Financial wellness benefits are a must-have for employers addressing workplace stress and productivity challenges during COVID-19.

Ninety percent of employers say that financial wellness benefits have positively impacted their workforce, according to a study by SmartDollar, a financial wellness program. Benefits that address financial stress are the number one priority for employers looking to expand what they offer employees.

More than three quarters of employees struggle with their finances and live paycheck to paycheck. Those money woes can seep into the workplace: stress, poor health and employee turnover result in high costs for employers.

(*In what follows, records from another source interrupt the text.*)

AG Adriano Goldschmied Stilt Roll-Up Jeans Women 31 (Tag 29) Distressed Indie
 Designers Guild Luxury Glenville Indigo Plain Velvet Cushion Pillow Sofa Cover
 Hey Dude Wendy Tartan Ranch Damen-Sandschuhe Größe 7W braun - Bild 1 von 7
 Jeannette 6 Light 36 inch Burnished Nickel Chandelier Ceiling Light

Read more: Prudential wellness benefit tackles employees’ COVID-related stress

“Those money problems follow people to work, leading to more problems,” Brian Hamilton, senior vice president of SmartDollar, said in a statement. “Employers are uniquely positioned to help. If done correctly, there is no doubt financial wellness is good for employees and great for the bottom line.”

Eighty-one percent of employers have seen improvements in their teams since offering financial wellness programs and 88% say their employees have reported less stress, according to the survey. Over 90% of employers say the benefits make them more attractive to prospective employees.

“Your employees are spending time during working hours on personal finances because they’re stressed,” says Mike Nannini, head of client management, business development and industry engagement at UBS. “Anything you can do to put their minds at ease, and help them take control of their situation, is going to boost productivity and morale.”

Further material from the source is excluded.